Exercise instructions — Please, could you print all the lines below exactly, leaving out the pictures?

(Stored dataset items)
○ ○ ○ ○

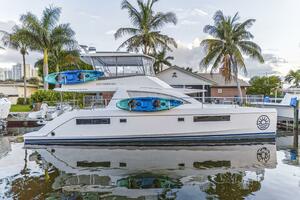 51FT (15.54M) LEOPARD Worth Avenue Yachts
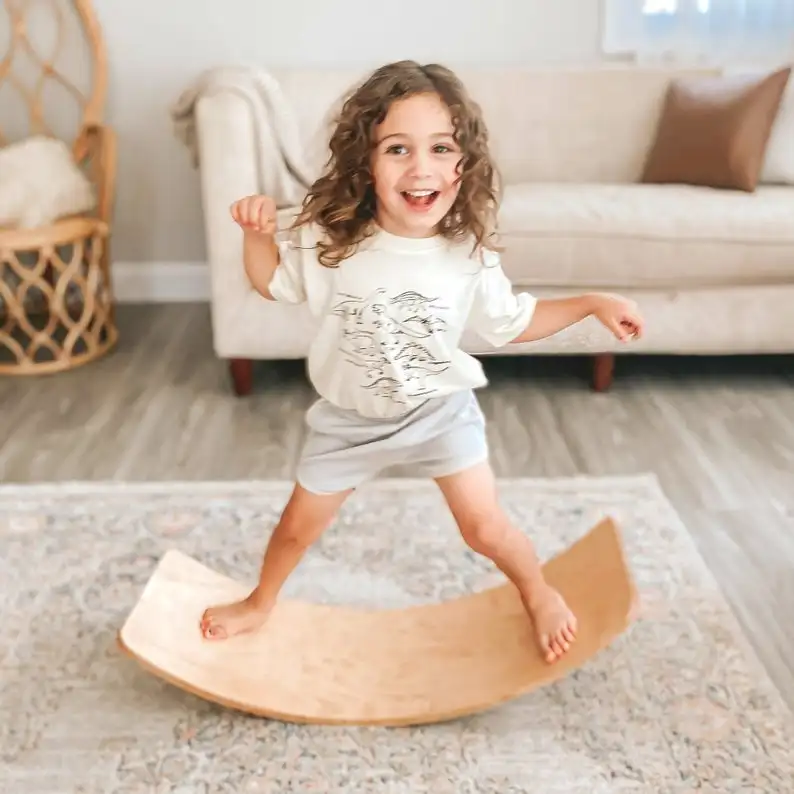 XIHA Hot Sale Curvy Board Balance Board Wooden Kids Balance Toy For Kids With Felt wood balance board with mat, Natural wood or colored
XIHA Hot Sale Curvy Board Balance Board Wooden Kids Balance Toy For Kids With Felt wood balance board with mat, Natural wood or colored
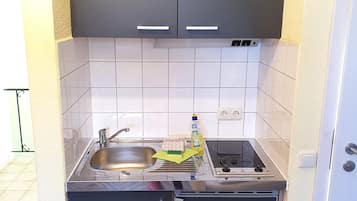 Frigorífico, cafetera o tetera, hervidor eléctrico y tostadora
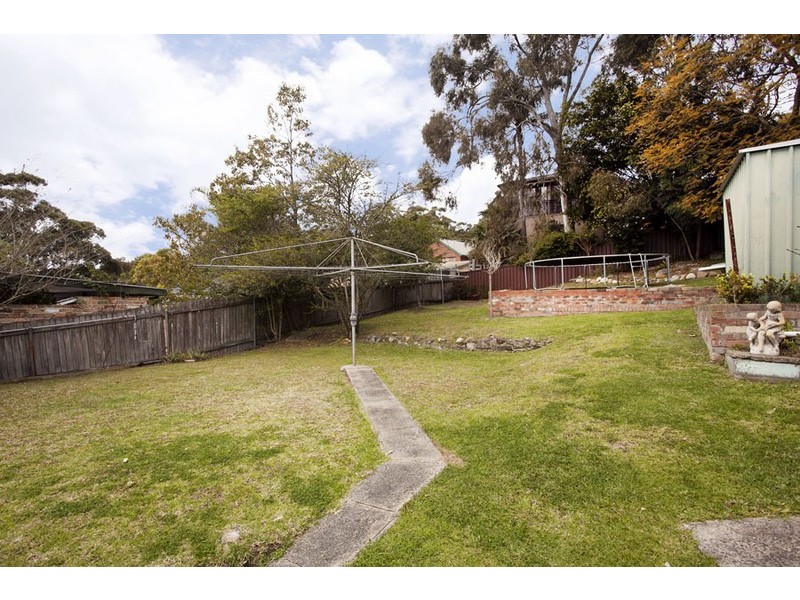 15 Maidstone Street, Helensburgh NSW 2508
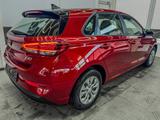 Hyundai i30 STYLE NAVI LED RFK PDC 1.5 MPI 70,6kW96PS... - Hyundai i30: Rot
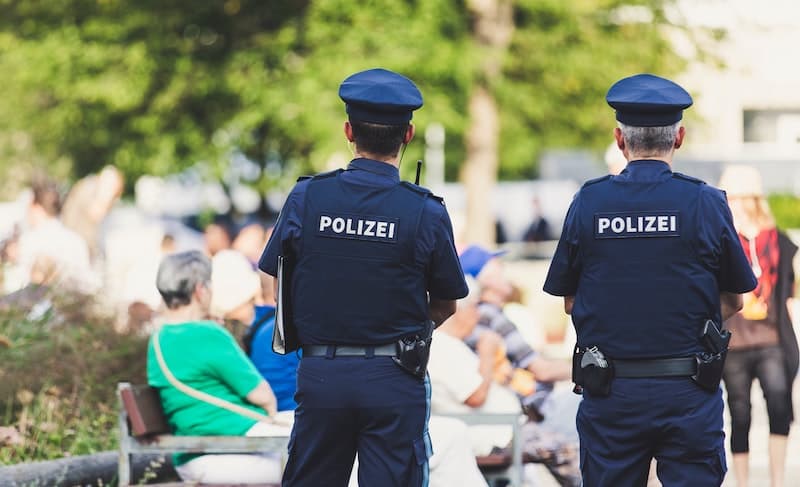 Beschuldigte sollten gegenüber den Ermittlungsbehörden keine Angaben machen.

○ ○ ○ ○

Final answer —
 51FT (15.54M) LEOPARD Worth Avenue Yachts
 XIHA Hot Sale Curvy Board Balance Board Wooden Kids Balance Toy For Kids With Felt wood balance board with mat, Natural wood or colored
XIHA Hot Sale Curvy Board Balance Board Wooden Kids Balance Toy For Kids With Felt wood balance board with mat, Natural wood or colored
 Frigorífico, cafetera o tetera, hervidor eléctrico y tostadora
 15 Maidstone Street, Helensburgh NSW 2508
 Hyundai i30 STYLE NAVI LED RFK PDC 1.5 MPI 70,6kW96PS... - Hyundai i30: Rot
 Beschuldigte sollten gegenüber den Ermittlungsbehörden keine Angaben machen.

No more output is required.